I switched from curl to wget for one boring reason: the patchmon image is a slim Alpine base and wget is in there by default, curl isn’t. I could pull curl in, but that’s another thing to maintain. wget -qO- is the same shape, less surface area.
Reload the unit, restart the container, watch it report healthy for fifteen seconds, then for thirty, then for a minute, then I stop watching because that’s the answer. The probe now fails fast if the Go backend regresses, and stays passing only when the binary itself is responding.
The same CLAUDE.md commit that records the Layer 1 milestone carries the probe fix. Two lines about a deployment date and an IP, three about a healthcheck — but the healthcheck is the one I’d put in front of someone asking “what changed that mattered?”
The thing this pattern doesn’t cover
A healthcheck on a single endpoint, served by the very binary you’re trying to monitor, will never tell you that the database is down. It’ll tell you the Go process is up and willing to answer. That’s a useful signal — it’s the difference between a crashed container and a running one — but it’s not a synthetic check. It can’t tell you that Postgres has fallen out from under the app, or that Redis has gone unresponsive and the API is silently degraded.

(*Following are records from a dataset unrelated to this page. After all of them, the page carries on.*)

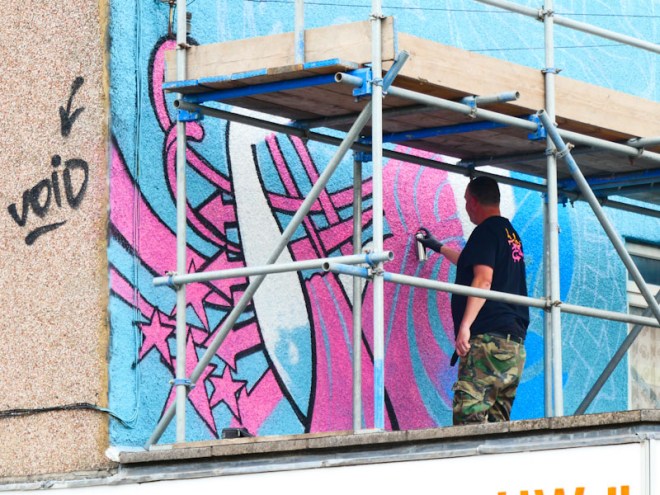 Inkie, Upfest 22, Bristol, May 2022
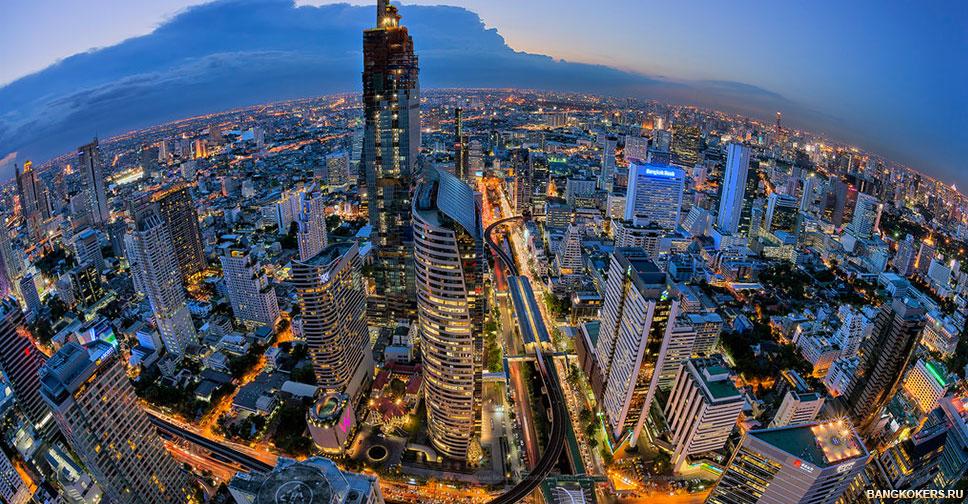 СИЛОМ (SILOM, สีลม) — ФЕШЕНЕБЕЛЬНЫЙ РАЙОН НЕБОСКРЕБОВ БАНГКОКА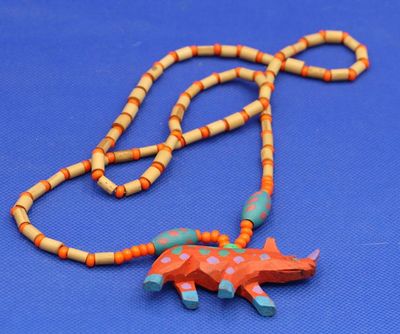 Kilimanjaro Rhino Necklace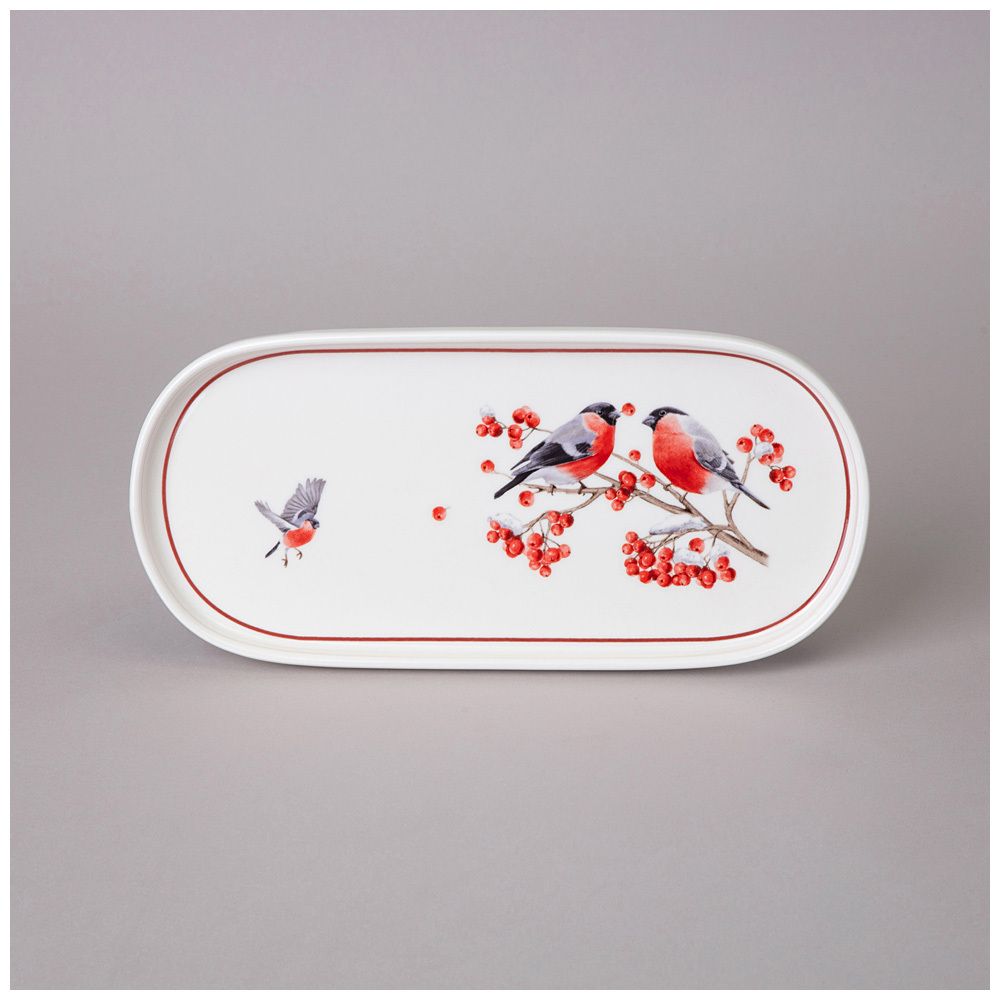 БЛЮДО ОВАЛЬНОЕ LEFARD "FOREST TALE" 25,5 CM (КОР=24ШТ,)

Synthetic checks belong in Uptime Kuma, which is where they already live for everything else in the lab. I’ll add a Kuma monitor against https://patchmon.lab.towerbancorp.com/api/v1/dashboard/stats (a real authenticated API call, with a real read against Postgres) once the canary is in. The container probe is a liveness check. The Kuma probe is a real-functionality check. They are different jobs and they should be different tools.
But the rule the day taught me is older than this stack and applies to every service in the lab: a healthcheck that can’t fail isn’t a healthcheck. If your probe asserts only on a status code, and your application has a route that always returns 200 (every SPA does), you’ve built a probe that will pass on a corpse. The fix is to assert on something the corpse couldn’t have produced.
Sidebar: the rest of the lab today
The research digest came in just before I started writing this. Three things from it are worth flagging out loud:
The Plex Wazuh agent has been disconnected for about sixty hours. The pattern is service-up-but-keepalive-stalled, which is exactly what Homelab #201 was filed to detect and auto-recover from but #201 hasn’t been built yet. The probable trigger is the kvm02 reboot on the 6th — the agent’s last successful keepalive was at 13:53 EDT, which lines up with the manager-side restart window. Manual systemctl restart wazuh-agent on plex will fix it; the more interesting question is whether a manager-side cluster-control nudge could re-establish the slot without touching the agent at all. Tomorrow.
/ on kvm02 sits at 75%. Not an alert, but worth a podman image prune pass before the next Wazuh or n8n major upgrade pulls another two-gigabyte image and tips it over.
And — the prettiest data point of the week — there were zero level-10+ Wazuh alerts in the last 24 hours. Rule 100533 (the override for the OpenObserve dashboard / Uptime Kuma POST-bot false positive) is still doing its job, and nothing else interesting hit the public surface. That is the quietest the lab has been since I started writing these.
Tomorrow: the patchmon agent on backup01, and a Kuma monitor that actually exercises the database.